L'intrigue de La Lenteur se déroule en France ; l'action a pour cadre un château-relais où le narrateur et sa femme, Véra, décident de passer une nuit. Rapidement, les thèmes méditatifs qui occuperont le narrateur sur l'ensemble de l'œuvre prennent place : la lenteur, le spectacle, le temps, le changement, la mémoire, l'oubli, sont tour à tour évoqués. Une grande part de ces méditations s'appuient sur Point de lendemain de Vivant Denon qui sert de contrepoint au narrateur dans la majorité de ses réflexions. C'est dans ce même château-relais que se déroule un congrès d'entomologistes où divers personnages vont se rencontrer, se fuir, se maudire, s'aimer. Aux voix du narrateur et de sa femme, des deux personnages de Point de lendemain - madame de T. et le chevalier -, s'ajoutent différentes voix narratives : celles de Berck, un intellectuel médiatique venu au congrès pour s'exposer devant les caméras, d'Immaculata venue filmer Berck pour le conquérir (bien qu'elle soit accompagnée de son nouvel amant), de Vincent, ami du narrateur, venu au congrès pour représenter ses amis du Café gascon qui souhaitaient perturber le bon déroulement du congrès mais qui n'ont pas pu se déplacer, de Julie, une jeune fille avec qui Vincent passera la nuit, et de Cechoripsky, un savant tchèque, ayant dû fuir sa Prague natale et revenant pour la première fois dans le milieu auquel il appartient : le cercle des entomologistes. Le roman met en scène la débâcle progressive des personnages, tous confrontés à la fausseté du sérieux dont ils voulaient se parer. Le tout s'accomplit sur une ironie latente introduite par les réflexions omniprésentes du narrateur.
Et pourquoi lire ça ?
La Lenteur est un des meilleurs exemples de la "littérature ludique" des XXème et XXIème siècle. Ici, les règles du récit sont utilisées comme celles d'un jeu dans lequel la liberté de l'auteur prend forme. Un narrateur sarcastique, une linéarité bouleversée viendront mettre à mal un lecteur à la recherche de classicisme.
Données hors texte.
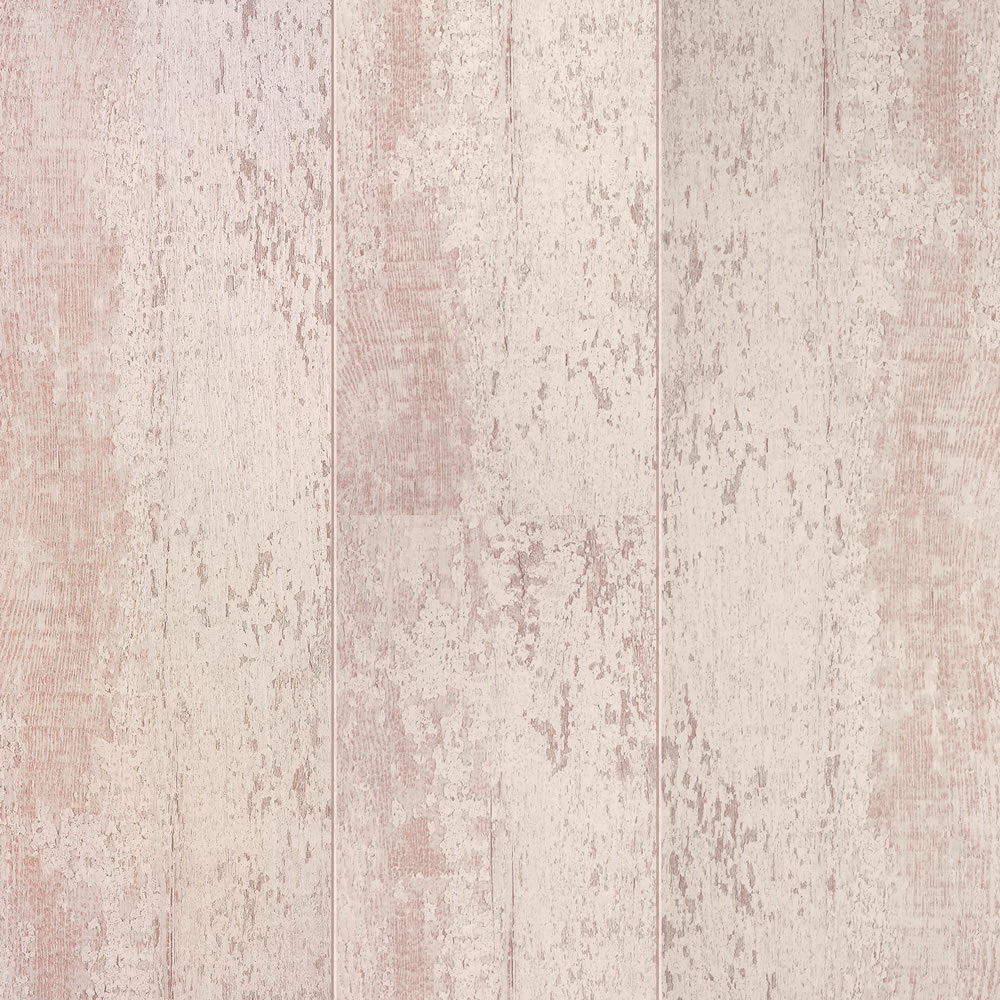 Ламинат Vitality Jumbo by Balterio Лофт Белый 505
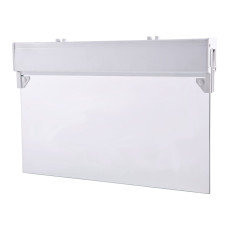 Светильник LED подвесной 1,5 Вт IP20 E.NEXT 6.0 e.emerg.297.led.M.6h.IP20 год постоянный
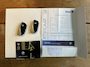 BMW 5-Serie Touring 530e M-Sport | Driving ass | Keyless | Trekhaak | Laser |
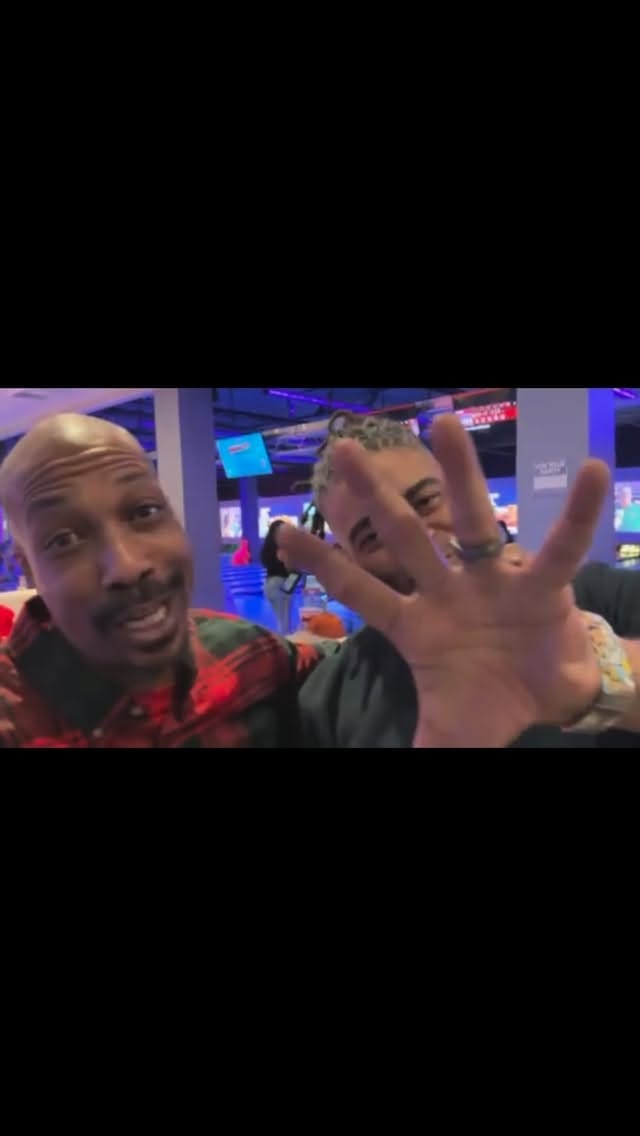Post 7 by 𝕄𝕚𝕜𝕖𝕋𝕙𝕖𝕋𝕧𝔾𝕦𝕪🔌 📺 on Instagram (video)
Adorateurs des grandes fresques classiques, partisans de la cohérence ou de la causalité, passez votre chemin ! De la même façon, le lecteur ne pourra pas trouver plus d'appui auprès des personnages qui sont tantôt l'objet de moqueries, tantôt l'objet d'une affection narquoise. Le grotesque qu'ils illustrent malgré eux en fait des personnages pathético-comiques, reflétant souvent ce que l'humain a de plus risible. Devenant des comédiens plus que des personnages, ils se perdent dans un monde hasardeux où le sens de leurs actes et de leurs mots s'est perdu. C'est sur ces fondements que le lecteur devient lui aussi objet et acteur du jeu : voyant son horizon d'attente perturbé par une complicité avec le narrateur qui lui en dit tantôt trop tantôt trop peu, le lecteur s'égare lui aussi sur les sentiers du jeu. Dans un combat littéraire où l'onirisme a vaincu au fil des pages le réalisme, le rêve devient le seul référent pour un lecteur qui n'a d'autre choix que d'accepter de jouer à la partie que Kundera lui a proposé.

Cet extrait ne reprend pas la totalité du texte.